▶ [Information provided]:
....

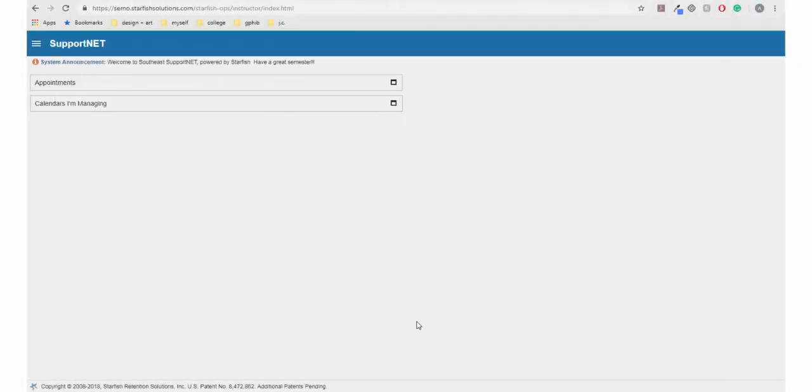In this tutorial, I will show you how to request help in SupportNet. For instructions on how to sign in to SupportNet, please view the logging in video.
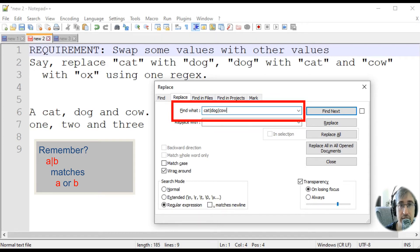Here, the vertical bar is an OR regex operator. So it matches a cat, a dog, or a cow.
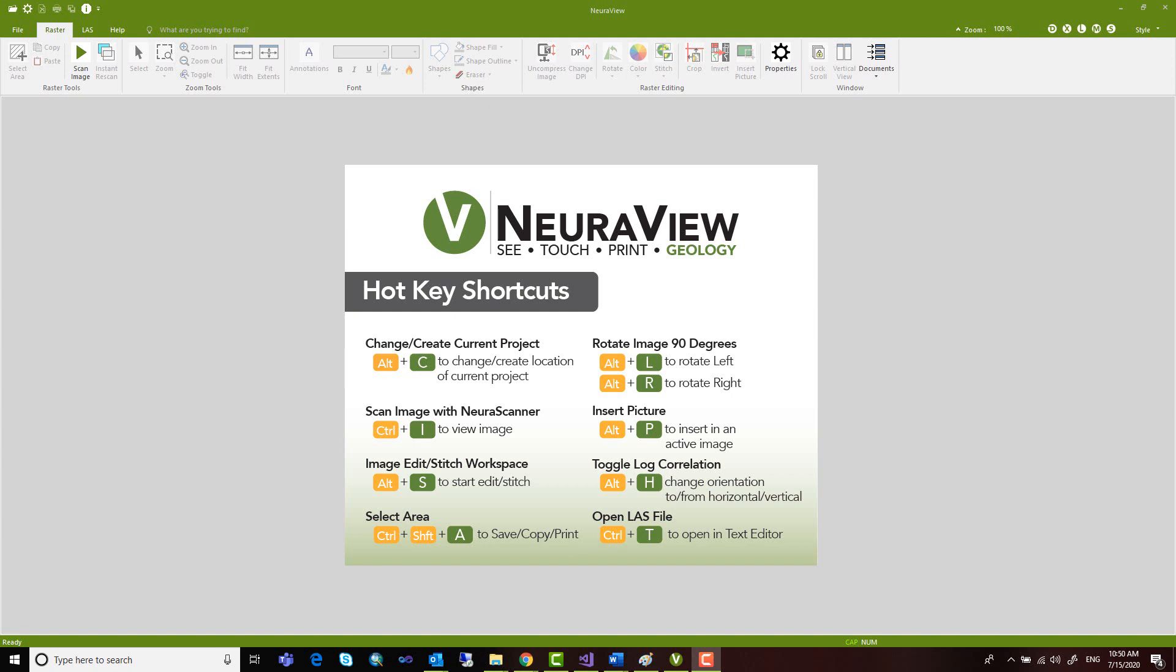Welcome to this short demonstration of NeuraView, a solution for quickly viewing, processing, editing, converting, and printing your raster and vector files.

....

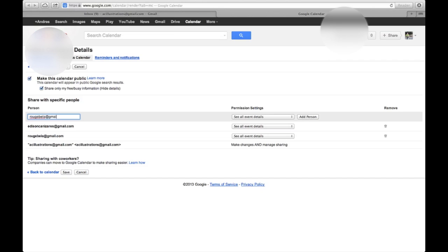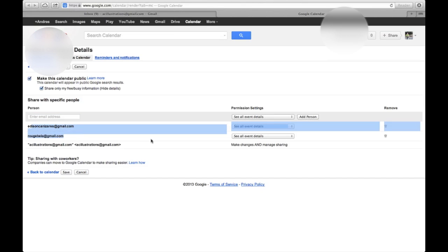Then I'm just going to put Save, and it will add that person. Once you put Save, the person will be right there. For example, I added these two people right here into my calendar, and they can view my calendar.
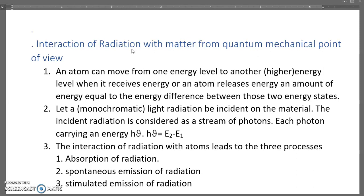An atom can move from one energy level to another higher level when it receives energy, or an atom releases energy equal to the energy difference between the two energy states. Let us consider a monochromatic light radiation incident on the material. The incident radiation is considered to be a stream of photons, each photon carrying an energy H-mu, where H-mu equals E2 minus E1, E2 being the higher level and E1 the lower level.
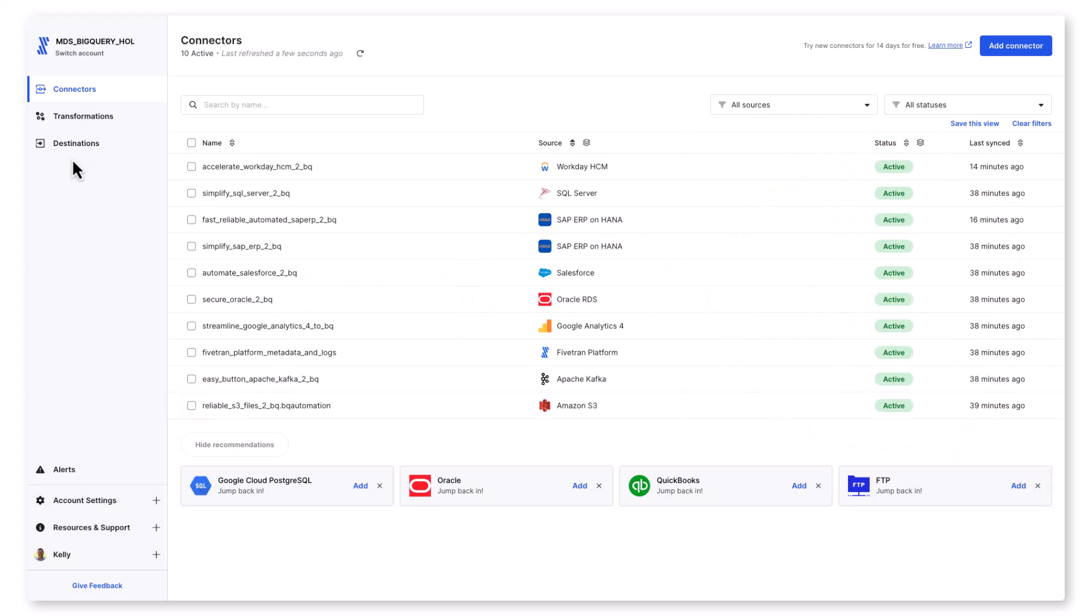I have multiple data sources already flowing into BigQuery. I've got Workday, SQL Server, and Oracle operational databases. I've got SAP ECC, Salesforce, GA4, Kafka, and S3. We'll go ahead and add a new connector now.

....

▶ [Activity]: Please repeat the lines of the material above exactly, starting with the line that contains "Here, the vertical" and ending with the line that contains "Welcome to this". Leave the pictures out.

▶ [Solved problem]:
Here, the vertical bar is an OR regex operator. So it matches a cat, a dog, or a cow.
Welcome to this short demonstration of NeuraView, a solution for quickly viewing, processing, editing, converting, and printing your raster and vector files.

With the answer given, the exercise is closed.